• _Action item_:
Copy out exactly each line from the line with "Tanneron France Aerial" through the last line of the material below.

+ + +

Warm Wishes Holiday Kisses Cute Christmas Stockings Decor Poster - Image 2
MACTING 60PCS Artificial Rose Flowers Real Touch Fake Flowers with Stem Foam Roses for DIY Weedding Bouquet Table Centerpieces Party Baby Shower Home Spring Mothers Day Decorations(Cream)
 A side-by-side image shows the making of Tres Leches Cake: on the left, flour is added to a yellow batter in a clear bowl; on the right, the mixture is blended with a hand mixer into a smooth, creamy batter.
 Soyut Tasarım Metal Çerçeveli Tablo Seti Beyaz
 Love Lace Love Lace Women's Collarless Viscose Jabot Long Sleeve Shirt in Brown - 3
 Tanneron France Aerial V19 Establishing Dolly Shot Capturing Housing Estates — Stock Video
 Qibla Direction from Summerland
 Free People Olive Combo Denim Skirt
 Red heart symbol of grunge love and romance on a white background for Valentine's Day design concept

+ + +

• _Task result_:
 Tanneron France Aerial V19 Establishing Dolly Shot Capturing Housing Estates — Stock Video
 Qibla Direction from Summerland
 Free People Olive Combo Denim Skirt
 Red heart symbol of grunge love and romance on a white background for Valentine's Day design concept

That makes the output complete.